南アメリカ大陸の南端に太平洋と大西洋を結ぶ3つの海峡、マゼラン海峡・ビーグル水道・ドレイク海峡がある。マゼラン海峡、ドレイク海峡、ビーグル水道の順に、ヨーロッパ人に知られるようになった。

数年前にクルーズで南アメリカの世界最南端の町ウシュアイアを観光した。ウシュアイアは、ビーグル水道を大西洋から入って、フェゴ島の南側にある、夏でも雪に覆われた山脈を背景にした美しい港町である。その小さな町で、わたしたち夫婦は、カニを食べ、土産物屋に入り、旧刑務所博物館を見学し、スーパー・カルフールCarrefourに入り、そして最後に遊覧飛行を楽しんだ。眼下には静かなビーグル水道が広がっていた。入り組んだマゼラン海峡のような水域を想像していたため、ビーグル水道の悠々とした光景にむしろ驚かされた。

ウシュアイア
カニ料理
カニ・レストランTIA ELVIRA

ヨーロッパ人がこれらの海峡に現れたのは、マゼラン海峡、ドレイク海峡、ビーグル水道の順であった。

マゼラン海峡
は、南アメリカ大陸とフェゴ島の間に位置している迷路のように入り組んだ難航路である。マゼランは、ここを1520年10月から11月に2か月程かけて、ようやく太平洋に達することができた。数年前に、ウシュアイアを出航してパタゴニアからこの海峡を航海したが、乗客を安心させるために、「専門の水先案内人が乗って安全に通行している」との船内放送が流れた。

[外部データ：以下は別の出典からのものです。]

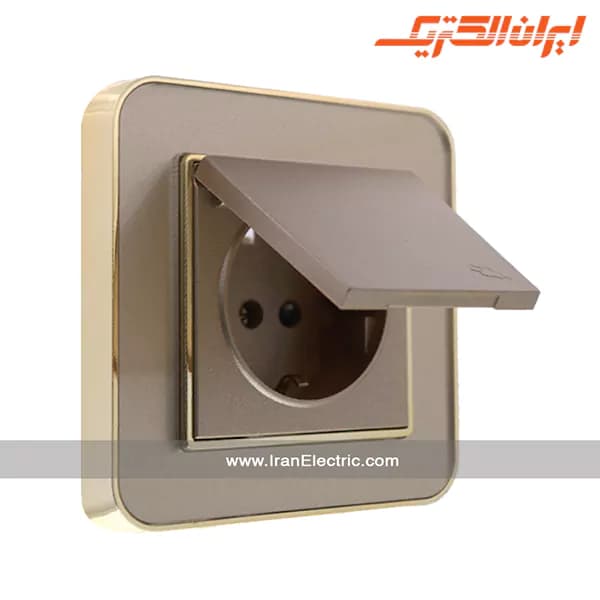 پریز برق ارت دربدار ارس متال طلایی بژ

南アメリカ最南端のホーン岬と南極の間にあるドレイク海峡は、人類2回目の世界一周を成し遂げたフランシス・ドレイクの名前に由来する。波の荒い海峡として知られ、南緯60度付近は、「絶叫する60度」といわれる荒れ狂う海域がある。1578年にドレイクの船団が南太平洋で暴風に会いホーン岬に漂着したことで、南アメリカと南極の間には、つながっていると思われていた両大陸間に海峡が存在することが知られた。

そして、第三の海峡が幸運のビーグル水道である。フェゴ島とその南の島との間の水路にあたり、穏やかで真っすぐな道が太平洋と大西洋を結んでいる。ビーグル水道の名前は、チャールズ・ダーウィンを乗せたビーグル号の名前に由来する。この航海(1831〜1836)によりビーグル水道の存在が知られるようになった。私たちが旅したときも海路は穏やかで、静かなクルーズであった。ウシュアイアでは、夫婦で遊覧飛行を楽しんだが、機内から見下ろすビーグル水道は、悠々と流れる大河のようであった。

マゼラン海峡、ドレイク海峡、ビーグル水道と歴史に登場した順番を思うとき、幸運は最後にやって来ると思いたくなる。まさに「残りものには福がある」である。